L’assaut du palais fut une seconde fois commencé. Claudas se défendit comme un lion ; Pharien ne voulut tendre son glaive contre nul chevalier de la terre de Gannes ; mais il se contentait de défendre le corps du roi, en désarmant ceux qui le serraient de trop près. La nuit força les assiégeants à se retirer avant d’avoir fait la moindre brèche aux murailles. Un chevalier d’assez mince prud’homie, le châtelain de Hautmur, proposa, de revenir au conseil de Pharien, en promettant de ne pas attenter aux jours de Claudas, tant qu’il garderait la prison de Pharien. « Lambègue et moi, dit-il, ne prendrons pas d’engagement ; nous éviterons de nous trouver au milieu de ceux dont Claudas recevra la promesse. Ainsi resterons-nous libres de nous venger tous de ce méchant roi. »

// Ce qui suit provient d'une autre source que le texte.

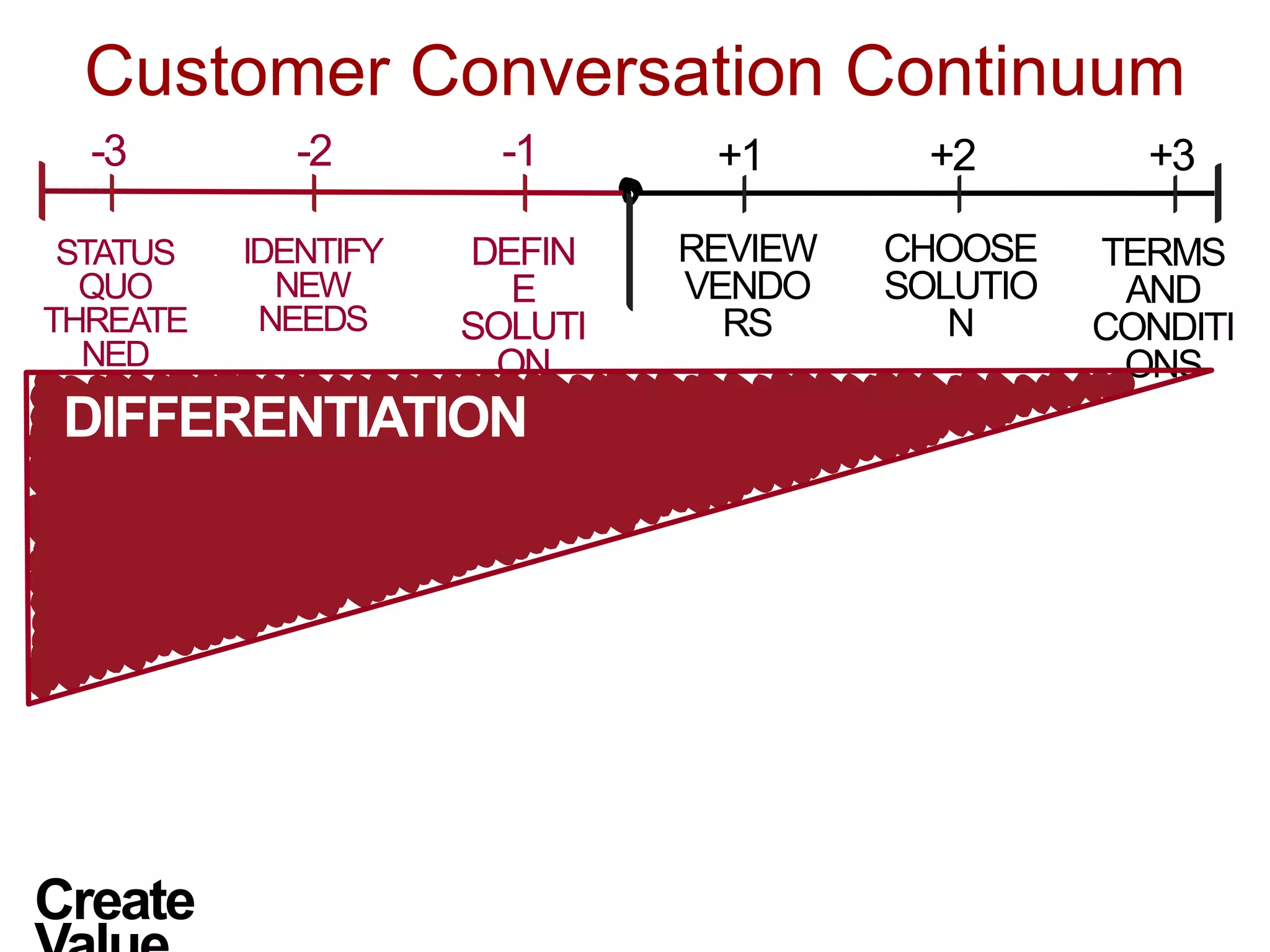 STATUS
QUO
THREATE
NED
DEFIN
E
SOLUTI
ON
REVIEW
VENDO
RS
CHOOSE
SOLUTIO
N
-3 -1 +1 +2 +3-2
TERMS
AND
CONDITI
ONS
DIFFERENTIATION
IDENTIFY
NEW
NEEDS
Customer Conversation Continuum
Create
 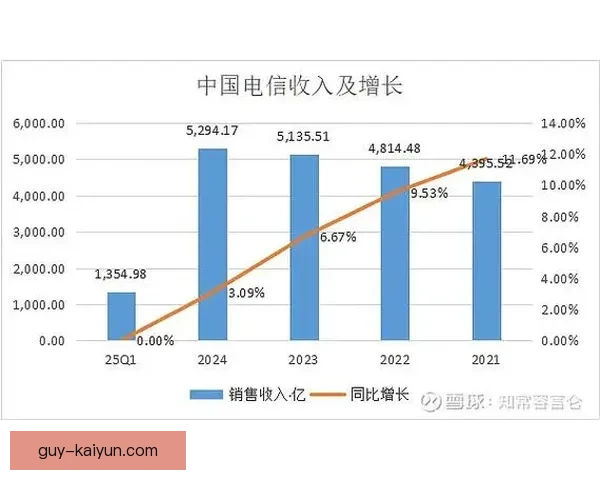 Musiala 职业生涯收入与表现分析，状态持续稳健引人关注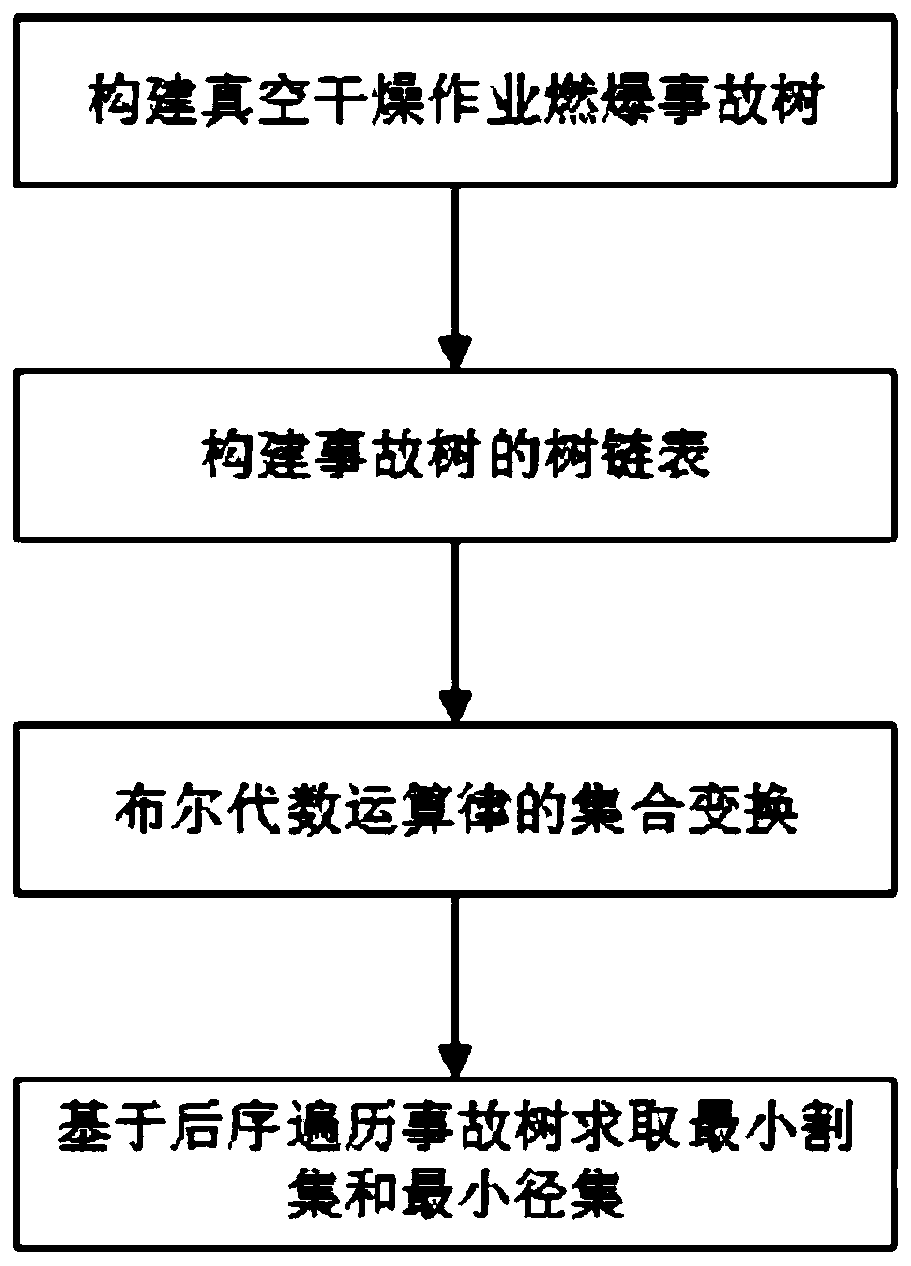 A minimum cut set solving method for analyzing a vacuum drying operation explosion accident tree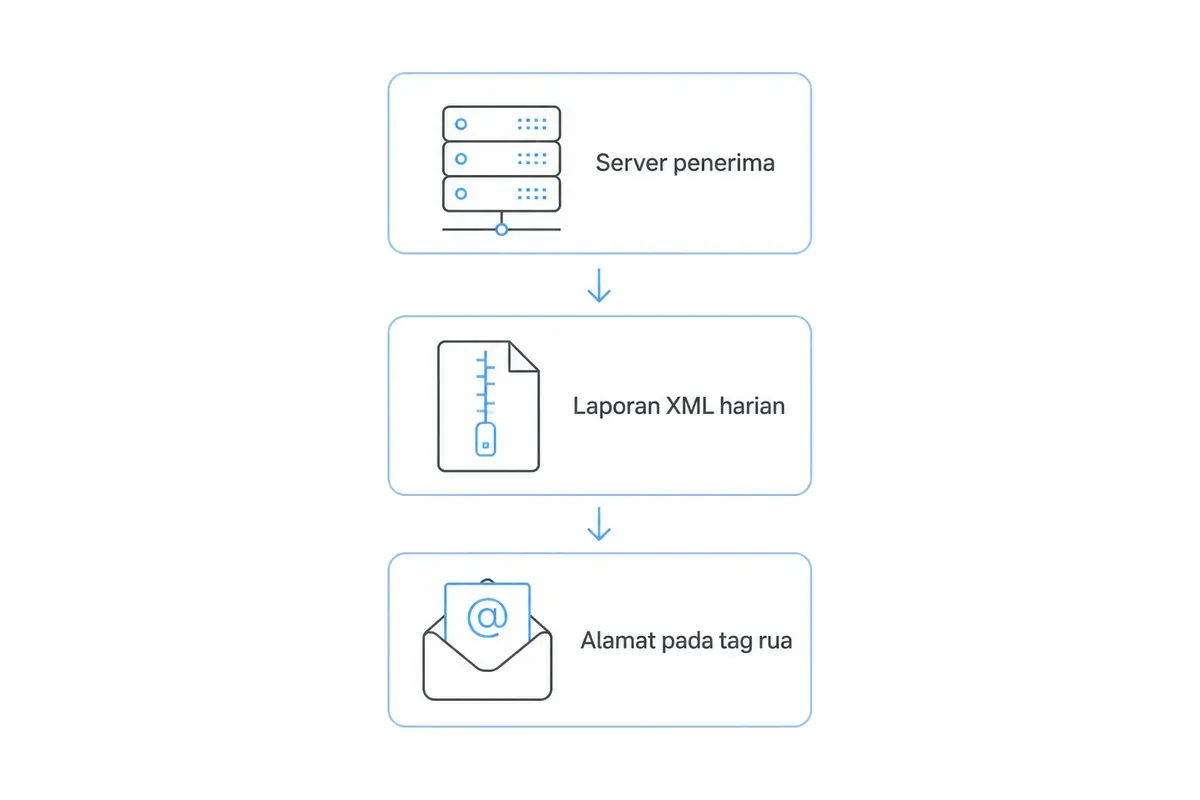 Laporan DMARC berjalan dari server penerima menjadi berkas XML harian, lalu dikirim ke alamat pada tag rua.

Si les chevaliers et les bourgeois de Gannes ne voulaient pas se parjurer, ils n’étaient pas fâchés d’en voir d’autres éviter de s’engager comme eux. Ils envoyèrent vers Pharien pour lui dire qu’ils consentaient à promettre de ne pas attenter aux jours de Claudas, si Claudas consentait à tenir prison. Pharien porta leurs paroles au roi, tout en prévoyant que Lambègue et le châtelain de Hautmur auraient grande peine à maîtriser leur mauvais vouloir. « Sire, » lui dit-il, « je vous porte les offres des hommes de la ville mais il faut, en tous cas, nous prémunir contre la trahison : une fois en ma garde, c’est moi qui serais à jamais honni s’il vous arrivait malheur. Ce n’est pas, vous le savez, que je vous aime : je vous hais au contraire, et n’attends qu’une occasion légitime de venger ma propre injure ; mais je n’entends donner à personne le droit d’accuser ma prud’homie. Mon conseil est que vous revêtiez de vos armes un des deux chevaliers qui voudront bien consentir à partager votre prison. — Pharien, » répond Claudas, « j’ai confiance en vous, je ferai tout ce qu’il vous plaira de me conseiller. »

Pharien, accompagné du roi, alla trouver les gens de la ville : « Seigneurs, j’ai parlé à notre seigneur le roi. Il consent à tenir ma prison, sur la promesse que vous m’avez faite de ne pas tenter de l’arracher de ma garde. Approchez, sire roi Claudas : vous allez vous engager à tenir ma prison, dès que je vous avertirai de le faire. » Le roi lève la main et prend l’engagement qui lui est demandé.

« — Je veux aussi que vous soyez accompagné des deux plus hauts barons de vos domaines, tels que les sires de Châteaudun et de Saint-Cyr. Un roi couronné ne doit pas avoir pour compagnons de captivité des ribauds ou de pauvres sergents. »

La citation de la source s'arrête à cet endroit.